Question

Snakemake how to use glob_wilcards properly

1

Entering edit mode

3.7 years ago

Peter Chung ▴ 210

I have many paired fastq files and I have a problem on after running trim_galore package, as it named the fastq files with _1_val_1 and _2_val_2, for example: AD50_CTGATCGTA_1_val_1.fq.gz and AD50_CTGATCGTA_2_val_2.fq.gz.

I would like continue snakemake and use

import os
import snakemake.io
import glob

DIR="AD50"
(SAMPLES,READS,) = glob_wildcards(DIR+"{sample}_{read}.fq.gz")
READS=["1","2"]

rule all:
    input:
        expand(DIR+"{sample}_dedup_{read}.fq.gz",sample=SAMPLES,read=READS)

rule clumpify:
    input:
        r1=DIR+"{sample}_1_val_1.fq.gz",
        r2=DIR+"{sample}_2_val_2.fq.gz"
    output:
        r1out=DIR+"{sample}_dedup_1.fq.gz",
        r2out=DIR+"{sample}_dedup_2.fq.gz"
    shell:
        "clumpify.sh in={input.r1} in2={input.r2} out={output.r1out} out2={output.r2out} dedupe subs=0"

and the error is:

Building DAG of jobs...
MissingInputException in line 13 of /home/peterchung/Desktop/Rerun-Result/clumpify.smk:
Missing input files for rule clumpify:
AD50/AD50_CTGATCGTA_2_val_2_val_2.fq.gz
AD50/AD50_CTGATCGTA_2_val_1_val_1.fq.gz

I tired another way, somehow the closest is that it detected the missing input like AD50_CTGATCGTA_1_val_2.fq.gz and AD50_CTGATCGTA_2_val_1.fq.gz which is not exist.

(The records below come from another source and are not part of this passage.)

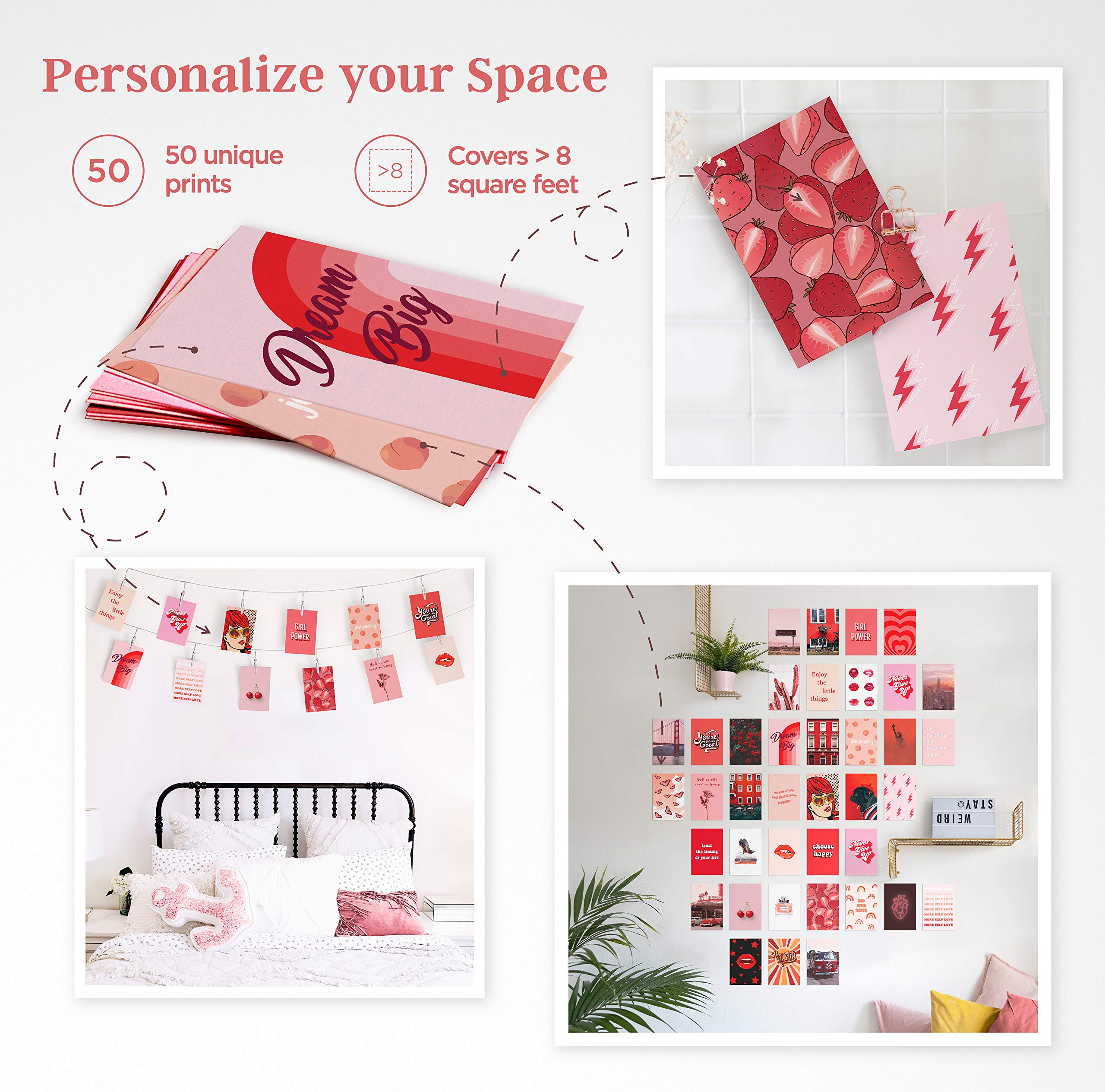 Haus And Hues Photo Collage Kit For Wall Aesthetic Decor Red Posters For Room Aesthetic, Red Wall Collage Kit, Aesthetic Wall Co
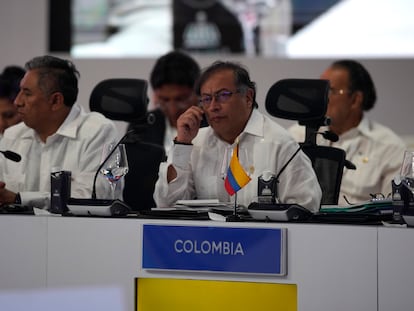 Gustavo Petro durante la XXVIII Cumbre Iberoamericana de Jefas y Jefes de Estado y de Gobierno en el Centro de Convenciones, Ministerio de Relaciones Exteriores.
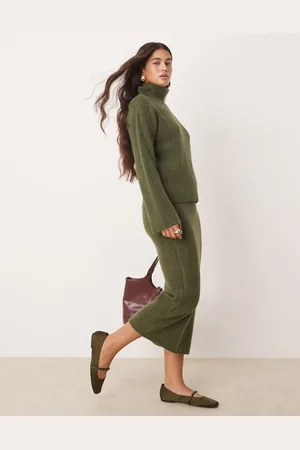 VILA Knitted midi skirt co-ord in khaki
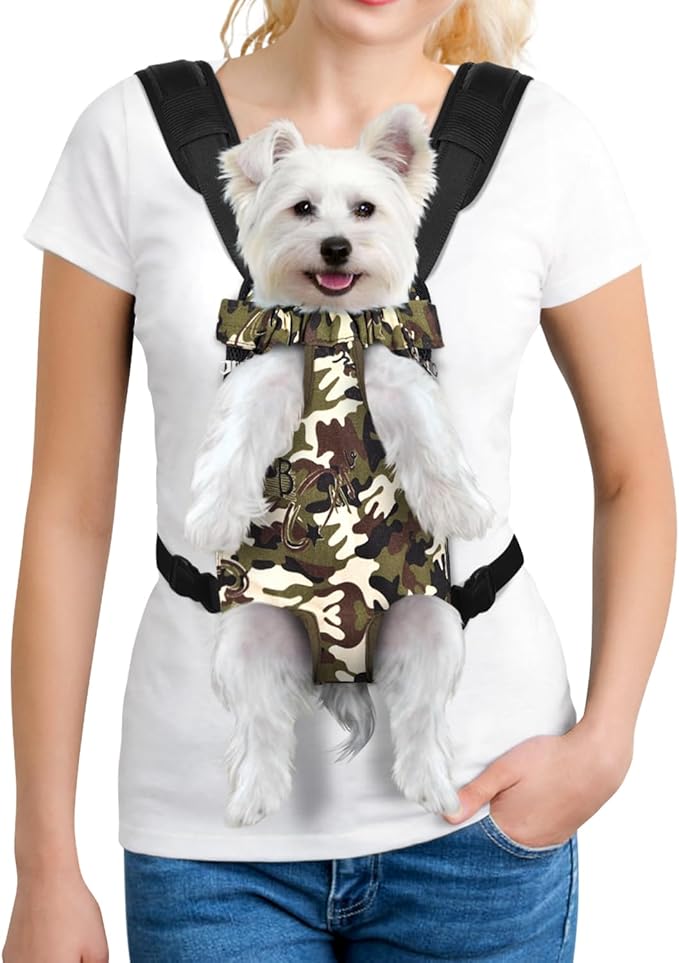 YUDODO Pet Dog Carrier Backpack Adjustable Dog Front Carrier, Legs Out Easy-Fit Dog Travel Backpack Carrier for Hiking Camping for Small Medium Dogs Cats and Rabbits (Medium), Camouflage Green
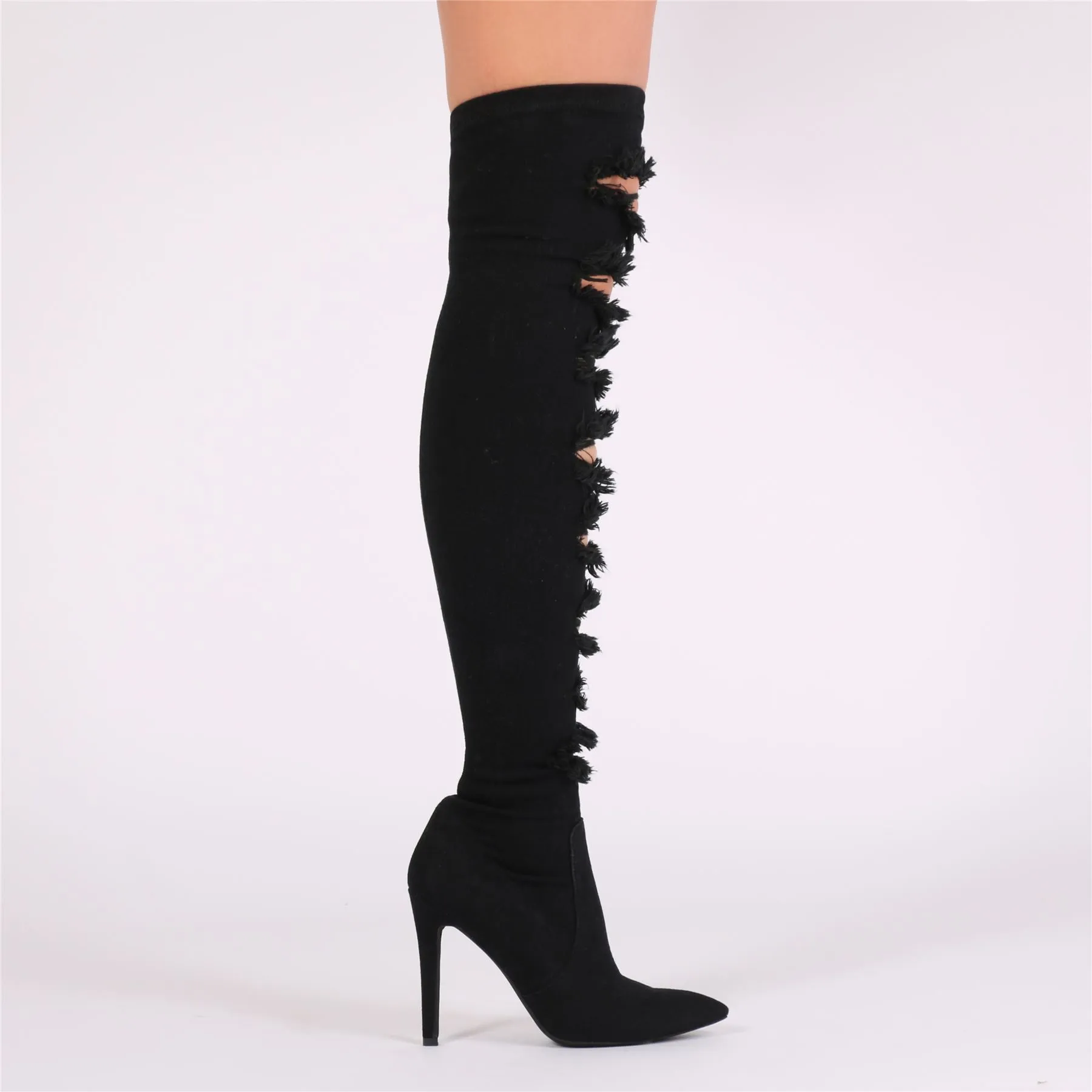 Ari Raw Ripped Denim Over The Knee Boots in Black sold by Public Desire product image thumbnail 4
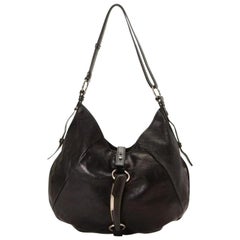 Saint Laurent Mombasa ( Rare ) Xl Hobo 12mt915 Black Leather Shoulder Bag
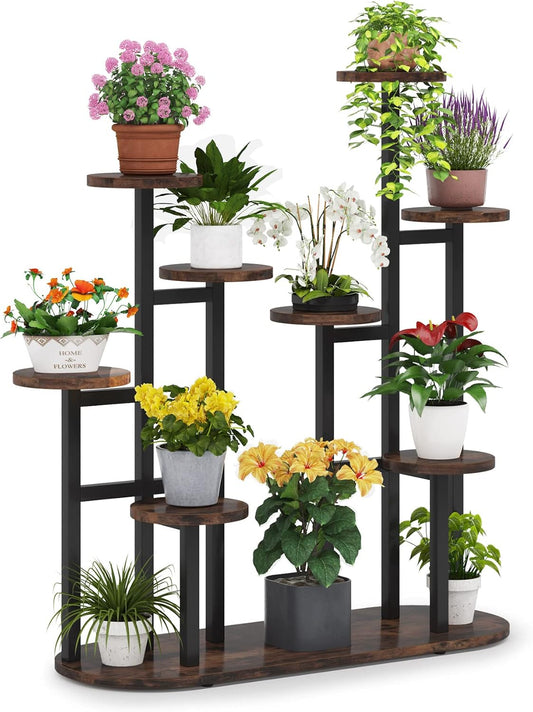 LITTLE TREE Multi-Tiered 11 Potted Plant Stand Indoor Tall Plant Shelf Flower Stands Plant Rack for Garden Balcony Living Room, Rustic Brown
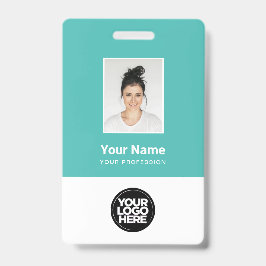 Crachá Foto personalizada do funcionário, código Qr, logo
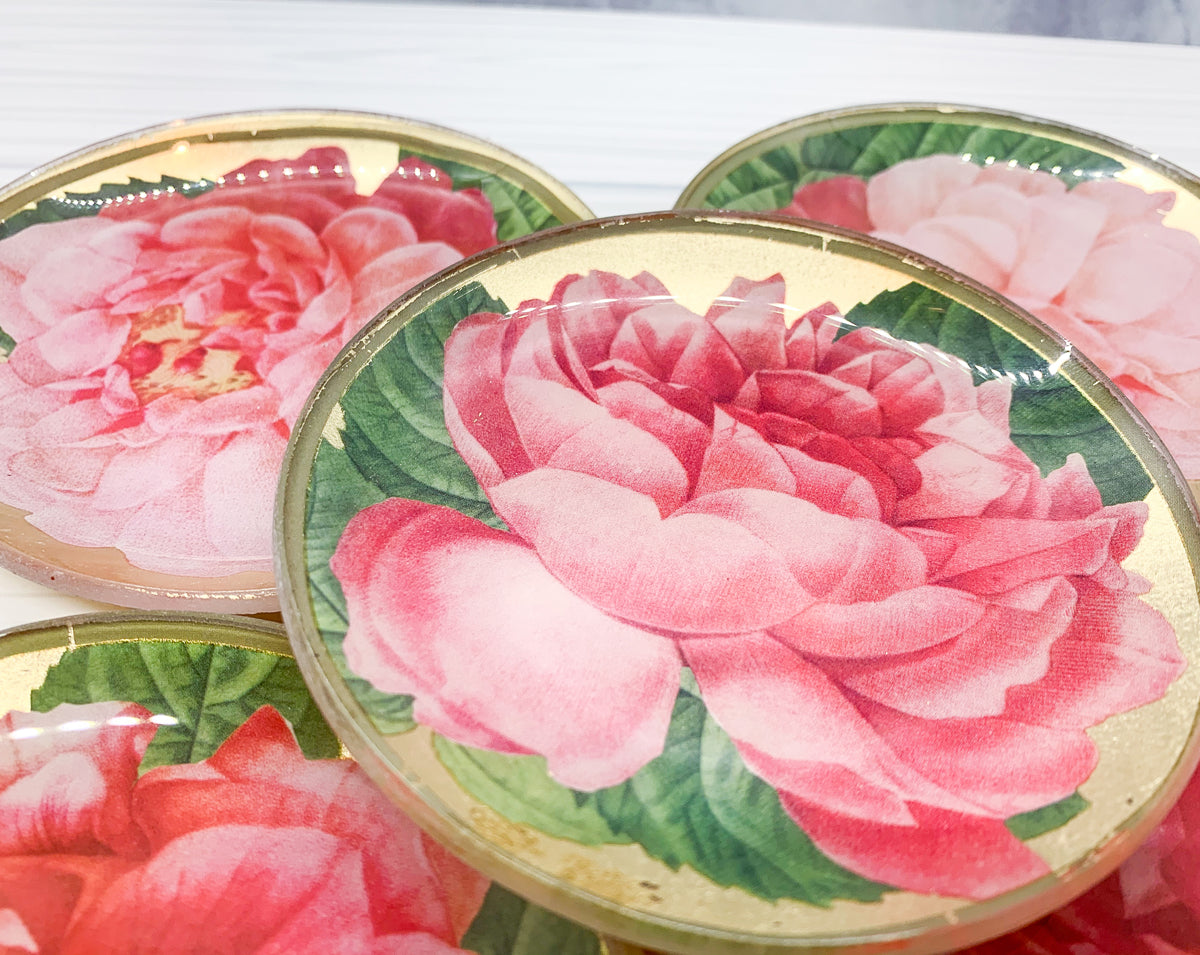 Rose Marie Trinket Tray featuring vintage rose design and gold leaf finish, perfect for home decor.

I am not sure the glob_wildcards function I used properly since there are many underscore in it. I tired:

 glob_wildcards(DIR+"{sample}_{read}_val_{read}.fq.gz")

but it did not work as well.

glob wildcards snakemake python • 3.3k views

ADD COMMENT • link 3.7 years ago by Peter Chung ▴ 210

score 0 · Answer 1 · 2021-03-31

If it's not too late and if feasible for you, I would run trim_galore within your snakefile. That is, add a rule that takes in input the raw fastq files and produces the trimmed *_val_* files. Maybe something like:

rule trim_galore:
    input:
        r1= DIR+"{sample}_1.fq.gz",
        r2= DIR+"{sample}_2.fq.gz",
    output:
        r1=DIR+"{sample}_1_val_1.fq.gz",
        r2=DIR+"{sample}_2_val_2.fq.gz",
    shell:
        r"""
        trim_galore ... {input} {output} 
        """

If you have trimmed files and you don't want to do the trimming again, make sure they are in a directory consistent with the code in the snakefile. Snakemake complains that it cannot find AD50/AD50_CTGATCGTA_2_val_2_val_2.fq.gz. So, where do you have the trimmed files and how are they named? Showing the command line you use to run snakemake would also help.